Can I tell you, St Brigids, many of you are lesbian, gay, bisexual, trans, queer, and 2-Spirit Christians who have threatened to stay—the ministry of looking for the prodigal son is your ministry. Because you know, we know, what it’s like to come home when actually no one’s been looking for us. We know what it’s like to get a message in church that says, “There’s a story going round about what you’ve been up to, how you’ve been representing the family, and actually it might be a whole lot easier if you didn’t return.” And what a difference it makes when someone, when some Christian community goes searching for us and says, “Hey, you’re welcome here.” Because the younger son’s blood is as much our blood as the elder son’s is, isn’t it? There’s a beautiful side to all that ugliness. I believe that’s a rare gift, the gift of knowing both sides of the story, the gift of the older and the younger brother sharing the same DNA, the gift of knowing what it is to be cast out, unwelcome, and the gift of coming home.
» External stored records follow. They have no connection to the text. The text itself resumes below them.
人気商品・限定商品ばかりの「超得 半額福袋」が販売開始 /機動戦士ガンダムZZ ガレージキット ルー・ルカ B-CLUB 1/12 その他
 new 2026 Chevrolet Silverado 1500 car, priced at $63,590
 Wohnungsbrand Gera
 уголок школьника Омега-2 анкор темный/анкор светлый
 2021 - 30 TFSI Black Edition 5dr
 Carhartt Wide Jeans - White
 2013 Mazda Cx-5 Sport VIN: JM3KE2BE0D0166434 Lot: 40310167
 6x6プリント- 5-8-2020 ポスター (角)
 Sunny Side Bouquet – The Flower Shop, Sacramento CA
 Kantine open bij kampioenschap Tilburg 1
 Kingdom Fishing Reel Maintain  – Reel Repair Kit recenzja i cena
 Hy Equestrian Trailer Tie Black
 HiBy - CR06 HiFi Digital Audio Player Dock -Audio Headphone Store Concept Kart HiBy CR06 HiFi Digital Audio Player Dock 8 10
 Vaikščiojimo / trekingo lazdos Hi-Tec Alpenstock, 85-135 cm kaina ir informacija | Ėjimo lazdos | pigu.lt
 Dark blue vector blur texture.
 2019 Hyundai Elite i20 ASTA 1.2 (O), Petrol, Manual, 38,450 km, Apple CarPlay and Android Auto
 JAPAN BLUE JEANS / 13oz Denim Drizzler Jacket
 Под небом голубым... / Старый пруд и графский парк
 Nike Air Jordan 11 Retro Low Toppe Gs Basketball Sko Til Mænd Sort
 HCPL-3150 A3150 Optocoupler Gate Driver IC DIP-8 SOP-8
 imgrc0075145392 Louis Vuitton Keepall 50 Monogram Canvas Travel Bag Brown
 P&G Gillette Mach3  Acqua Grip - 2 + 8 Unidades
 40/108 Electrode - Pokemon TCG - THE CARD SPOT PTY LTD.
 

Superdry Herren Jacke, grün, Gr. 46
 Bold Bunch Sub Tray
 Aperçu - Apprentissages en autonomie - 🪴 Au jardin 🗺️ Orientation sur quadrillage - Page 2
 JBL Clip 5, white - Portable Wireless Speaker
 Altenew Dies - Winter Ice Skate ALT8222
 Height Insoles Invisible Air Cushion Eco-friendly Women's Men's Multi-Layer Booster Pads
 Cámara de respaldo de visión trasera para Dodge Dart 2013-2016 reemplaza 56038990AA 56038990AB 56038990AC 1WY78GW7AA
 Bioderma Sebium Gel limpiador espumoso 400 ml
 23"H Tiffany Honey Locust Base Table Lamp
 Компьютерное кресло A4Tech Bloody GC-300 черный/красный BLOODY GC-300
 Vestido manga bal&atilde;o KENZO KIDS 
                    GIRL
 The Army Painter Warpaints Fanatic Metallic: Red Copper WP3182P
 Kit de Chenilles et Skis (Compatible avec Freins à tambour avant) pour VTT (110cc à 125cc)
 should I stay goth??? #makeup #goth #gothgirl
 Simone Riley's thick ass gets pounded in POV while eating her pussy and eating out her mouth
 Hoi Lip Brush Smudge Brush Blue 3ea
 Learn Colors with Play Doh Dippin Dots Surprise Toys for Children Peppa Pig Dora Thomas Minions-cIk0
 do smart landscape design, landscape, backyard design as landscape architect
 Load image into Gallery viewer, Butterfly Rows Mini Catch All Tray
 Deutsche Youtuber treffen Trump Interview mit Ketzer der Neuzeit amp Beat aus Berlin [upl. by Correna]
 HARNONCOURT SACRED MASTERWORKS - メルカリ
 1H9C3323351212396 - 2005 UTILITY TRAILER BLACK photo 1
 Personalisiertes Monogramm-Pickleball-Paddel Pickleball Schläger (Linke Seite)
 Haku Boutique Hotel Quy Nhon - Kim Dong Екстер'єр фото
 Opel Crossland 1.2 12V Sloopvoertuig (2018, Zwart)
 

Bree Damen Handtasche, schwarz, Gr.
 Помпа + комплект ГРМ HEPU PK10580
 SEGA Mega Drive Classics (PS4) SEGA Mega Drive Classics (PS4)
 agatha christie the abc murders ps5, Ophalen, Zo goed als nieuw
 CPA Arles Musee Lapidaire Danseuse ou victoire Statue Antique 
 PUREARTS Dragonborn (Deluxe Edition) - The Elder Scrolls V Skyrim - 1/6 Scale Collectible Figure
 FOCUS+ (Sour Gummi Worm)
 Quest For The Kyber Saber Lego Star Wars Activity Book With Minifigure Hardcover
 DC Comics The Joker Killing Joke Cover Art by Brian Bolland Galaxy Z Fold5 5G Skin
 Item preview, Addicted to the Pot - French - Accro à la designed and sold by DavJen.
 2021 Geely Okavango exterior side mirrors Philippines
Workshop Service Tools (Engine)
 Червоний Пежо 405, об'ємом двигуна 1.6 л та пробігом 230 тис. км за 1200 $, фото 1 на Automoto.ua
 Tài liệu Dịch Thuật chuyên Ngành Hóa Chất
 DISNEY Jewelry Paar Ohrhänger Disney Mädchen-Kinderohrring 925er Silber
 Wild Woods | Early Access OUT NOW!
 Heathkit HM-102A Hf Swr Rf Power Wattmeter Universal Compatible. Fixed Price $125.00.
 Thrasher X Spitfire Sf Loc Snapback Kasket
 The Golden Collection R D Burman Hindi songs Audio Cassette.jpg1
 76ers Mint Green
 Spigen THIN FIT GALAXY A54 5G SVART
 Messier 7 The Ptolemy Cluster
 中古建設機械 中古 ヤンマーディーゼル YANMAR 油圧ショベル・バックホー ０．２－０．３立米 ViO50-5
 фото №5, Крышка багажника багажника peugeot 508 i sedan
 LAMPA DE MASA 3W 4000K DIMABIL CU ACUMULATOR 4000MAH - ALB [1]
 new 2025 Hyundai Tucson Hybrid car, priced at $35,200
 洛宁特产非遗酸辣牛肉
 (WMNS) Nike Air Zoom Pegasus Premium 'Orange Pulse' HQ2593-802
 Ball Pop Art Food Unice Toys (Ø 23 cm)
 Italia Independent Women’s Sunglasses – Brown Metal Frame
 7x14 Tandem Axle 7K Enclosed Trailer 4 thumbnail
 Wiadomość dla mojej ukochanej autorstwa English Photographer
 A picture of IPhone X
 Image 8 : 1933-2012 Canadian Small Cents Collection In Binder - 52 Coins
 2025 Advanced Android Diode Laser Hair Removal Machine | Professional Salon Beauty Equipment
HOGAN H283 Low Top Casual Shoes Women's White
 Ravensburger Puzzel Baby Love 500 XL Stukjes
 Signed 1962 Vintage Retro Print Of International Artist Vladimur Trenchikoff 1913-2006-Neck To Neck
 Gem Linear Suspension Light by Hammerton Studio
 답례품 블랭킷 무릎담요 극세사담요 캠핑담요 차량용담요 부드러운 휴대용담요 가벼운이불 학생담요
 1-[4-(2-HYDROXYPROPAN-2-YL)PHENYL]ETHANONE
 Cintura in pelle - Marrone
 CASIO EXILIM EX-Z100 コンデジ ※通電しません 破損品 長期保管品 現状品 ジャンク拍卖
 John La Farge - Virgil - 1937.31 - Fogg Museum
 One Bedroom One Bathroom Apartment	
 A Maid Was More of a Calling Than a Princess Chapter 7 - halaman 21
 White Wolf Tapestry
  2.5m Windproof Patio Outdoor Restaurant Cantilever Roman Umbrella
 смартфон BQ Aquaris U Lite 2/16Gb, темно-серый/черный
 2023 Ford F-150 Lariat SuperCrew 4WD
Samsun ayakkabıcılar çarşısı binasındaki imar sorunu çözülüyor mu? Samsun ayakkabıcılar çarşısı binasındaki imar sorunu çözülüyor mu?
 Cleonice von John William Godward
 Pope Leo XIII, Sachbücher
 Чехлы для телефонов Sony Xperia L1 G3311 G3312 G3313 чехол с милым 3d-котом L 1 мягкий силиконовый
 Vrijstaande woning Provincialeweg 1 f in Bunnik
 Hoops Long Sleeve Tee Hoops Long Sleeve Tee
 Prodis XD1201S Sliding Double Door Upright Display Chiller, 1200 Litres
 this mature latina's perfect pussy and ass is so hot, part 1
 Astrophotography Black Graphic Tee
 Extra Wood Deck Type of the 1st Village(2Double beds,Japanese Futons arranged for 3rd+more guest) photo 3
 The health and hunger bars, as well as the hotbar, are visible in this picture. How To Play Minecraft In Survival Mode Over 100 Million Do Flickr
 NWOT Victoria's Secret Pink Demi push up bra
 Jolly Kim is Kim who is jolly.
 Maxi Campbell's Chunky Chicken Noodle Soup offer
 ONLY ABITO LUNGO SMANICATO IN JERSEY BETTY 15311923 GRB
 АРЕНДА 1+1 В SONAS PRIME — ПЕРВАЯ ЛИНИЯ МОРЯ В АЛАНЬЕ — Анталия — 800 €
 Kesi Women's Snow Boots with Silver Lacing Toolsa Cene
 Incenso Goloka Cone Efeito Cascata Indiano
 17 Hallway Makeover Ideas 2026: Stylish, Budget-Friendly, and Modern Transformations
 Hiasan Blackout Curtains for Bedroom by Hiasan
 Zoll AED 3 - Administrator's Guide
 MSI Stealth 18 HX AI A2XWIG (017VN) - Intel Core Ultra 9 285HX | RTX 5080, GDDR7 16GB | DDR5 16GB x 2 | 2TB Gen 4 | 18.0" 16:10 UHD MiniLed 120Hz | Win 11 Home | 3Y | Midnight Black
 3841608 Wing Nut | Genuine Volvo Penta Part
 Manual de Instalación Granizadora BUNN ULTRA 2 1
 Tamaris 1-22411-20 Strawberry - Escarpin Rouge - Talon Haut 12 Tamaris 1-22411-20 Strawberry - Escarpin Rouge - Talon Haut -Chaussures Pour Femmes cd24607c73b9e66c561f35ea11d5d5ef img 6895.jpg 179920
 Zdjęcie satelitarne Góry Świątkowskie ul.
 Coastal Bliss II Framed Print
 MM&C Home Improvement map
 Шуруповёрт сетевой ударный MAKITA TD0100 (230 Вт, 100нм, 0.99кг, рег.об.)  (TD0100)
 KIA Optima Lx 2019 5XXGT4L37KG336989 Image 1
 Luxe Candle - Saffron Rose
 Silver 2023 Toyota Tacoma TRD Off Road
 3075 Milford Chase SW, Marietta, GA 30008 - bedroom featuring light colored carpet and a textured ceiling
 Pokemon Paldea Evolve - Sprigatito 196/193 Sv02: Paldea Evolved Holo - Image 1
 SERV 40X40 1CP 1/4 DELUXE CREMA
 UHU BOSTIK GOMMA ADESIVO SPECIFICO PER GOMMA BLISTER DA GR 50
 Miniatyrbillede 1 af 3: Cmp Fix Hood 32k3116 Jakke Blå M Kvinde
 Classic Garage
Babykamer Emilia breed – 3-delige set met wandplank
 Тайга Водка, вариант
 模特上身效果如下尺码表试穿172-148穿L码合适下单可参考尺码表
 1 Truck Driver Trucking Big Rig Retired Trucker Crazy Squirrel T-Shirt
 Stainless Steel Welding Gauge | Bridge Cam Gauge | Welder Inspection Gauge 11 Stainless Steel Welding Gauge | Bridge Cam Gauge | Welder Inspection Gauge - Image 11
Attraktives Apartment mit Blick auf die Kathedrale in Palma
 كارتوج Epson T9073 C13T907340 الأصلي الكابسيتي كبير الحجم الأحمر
So who is it that God is calling you to reach out to, to say, “Thank God you came back; thank God you survived; thank God you’re threatening to stay.” Go looking for prodigal grace; don’t wait for it to show up on your doorstep. Go searching for the younger brother (whoever they might be); go looking for the prodigal son and tell them they’re welcome home anytime.[iv] Amen.  


[i][i]David Lose, “Preaching the Prodigal”, 03 March 2013. Found online at http://www.workingpreacher.org/craft.aspx?post=2462 

[ii]Melanie Delva, “Threatening to Stay”, 12 April 2018. Found online at https://medium.com/ministrymatters/threatening-to-stay-c1a3d29956d3 

[iii]With thanks to the Rev’d Marnie Peterson for this insight.